Run it twice (saving the first run’s output in a different name from the second run’s) to give yourself two sets of input data just as before. Then follow the steps from either this Extended Tutorial or the prior introductory Tutorial to chunk the input data and push it to DDFS in whatever manner you like. (Let’s assume you tag your chunked input data as data:bigger_sets in DDFS.)

The only modification to simple_innerjoin.py that we suggest, depending upon how large your newly generated input data set is, is to increase the number of partitions to ratchet up the number of parallel runs of reduce(). Then go ahead and run your job in the same way:

% python simple_innerjoin.py data:bigger_sets bigger_output.csv

By monitoring the processes on the system(s) where you’ve configured Disco, you will hopefully be able to observe individual workers performing their map tasks and reduce tasks, the framework doing your sorting work for you in between, and how much cpu processing time is being used versus time spent waiting on disk or other resources.
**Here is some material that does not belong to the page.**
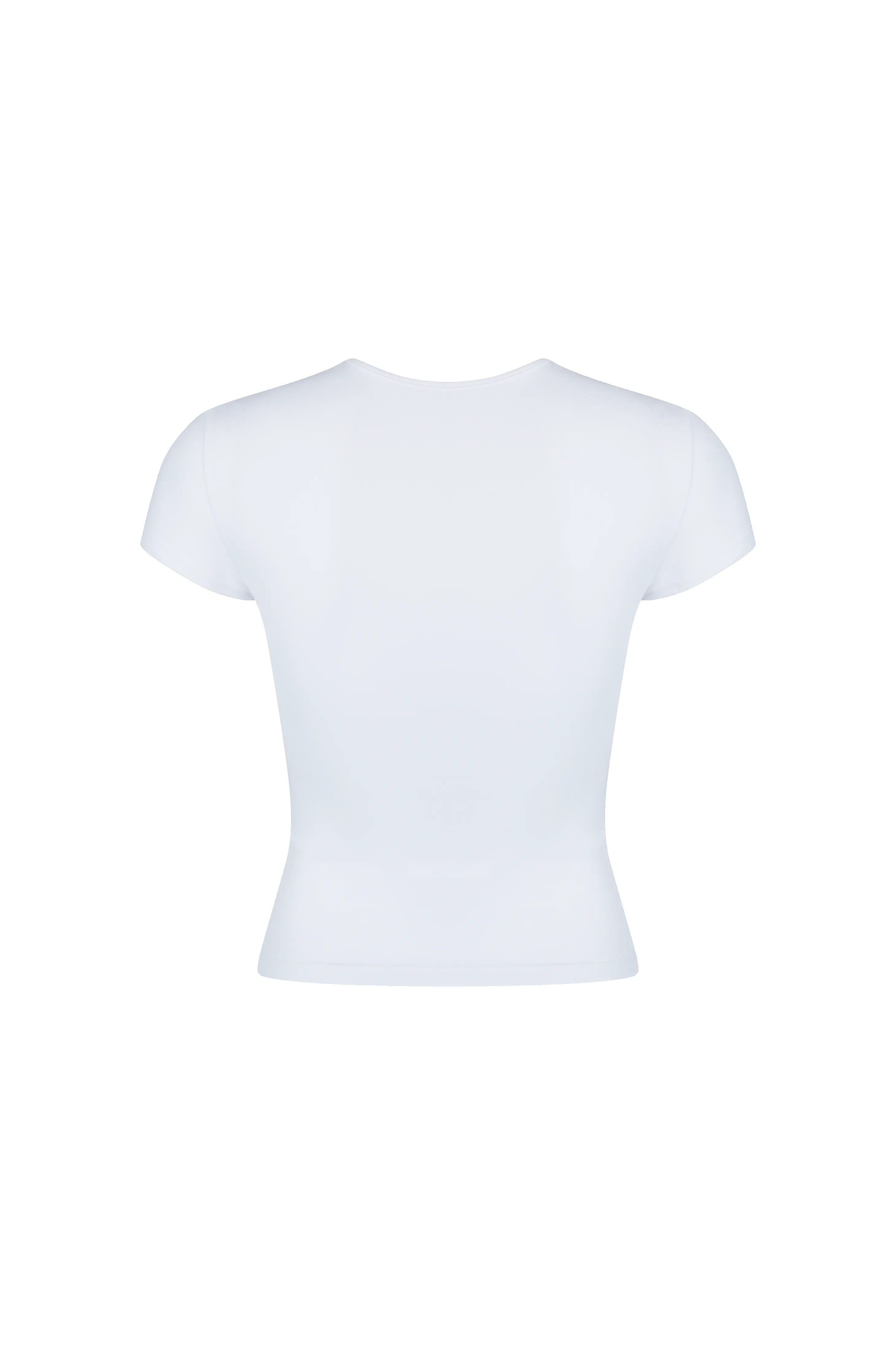 Basic T sold by Basix the Label product image thumbnail 2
Having a larger dataset with a longer runtime makes observing these things much easier.

Note that you may quickly find your disk access speed to become a bottleneck and for this reason and others you should consider playing with the number of partitions as well as the number of input chunks (how many reducers and mappers, respectively) to find your system’s optimal throughput for this job.

As a variation on the above, remember that our simple_innerjoin.py script has the capability to read its input data from a local file instead of DDFS – try running again with a local file supplied as the location of the input (instead of data:bigger_sets). Did you get an error message with “Invalid tag (403)”? If so, you need to ensure Disco recognizes that you are supplying a filename and not the name of a tag. Did you get an error message with “IOError: [Errno 2] No such file or directory”? If so, you either need to supply the full path to the file (not a relative path name) or that path may not be available to Disco everywhere (if so, a good reason to use DDFS again). Was your run faster or slower than using DDFS?

After playing with ever larger volumes of data and tweaking the controls that Disco provides, you’ll quickly gain confidence in being able to throw any size job at Disco and knowing how to go about implementing a solution.

simple_innerjoin.py listing

Complete source all in one place:

from disco.core import Job, result_iterator
import csv, sys


class CsvInnerJoiner(Job):
    partitions = 2
    sort = True

    def map(self, row, params):
        yield row[0], row[1:]

    @staticmethod
    def map_reader(fd, size, url, params):
        reader = csv.reader(fd, delimiter=',')
        for row in reader:
            yield row

    def reduce(self, rows_iter, out, params):
        from disco.util import kvgroup
        from itertools import chain
        #for url_key, descriptors in kvgroup(sorted(rows_iter)):
        for url_key, descriptors in kvgroup(rows_iter):
            merged_descriptors = list(chain.from_iterable(descriptors))
            if len(merged_descriptors) > 1:
                out.add(url_key, merged_descriptors)


if __name__ == '__main__':
    input_filename = "input.csv"
    output_filename = "output.csv"
    if len(sys.argv) > 1:
        input_filename = sys.argv[1]
        if len(sys.argv) > 2:
            output_filename = sys.argv[2]

    from simple_innerjoin import CsvInnerJoiner
    job = CsvInnerJoiner().run(input=[input_filename])

    with open(output_filename, 'w') as fp:
        writer = csv.writer(fp)
        for url_key, descriptors in result_iterator(job.wait(show=True)):
            writer.writerow([url_key] + descriptors)

What next?

A natural next step in experimenting with partitioning involves chaining jobs together since the number of partitioned outputs from one job becomes the number of chunked inputs for the next. As a baby step, you could move the reduce() method implemented above into a second, chained job and replace it in the first job with a do-nothing substitute like disco.worker.classic.func.nop_reduce().

As already mentioned in the introductory Tutorial, the best way to learn is to pick a problem or algorithm that you know well, and implement it with Disco. After all, Disco was designed to be as simple as possible so you can concentrate on your own problems, not on the framework.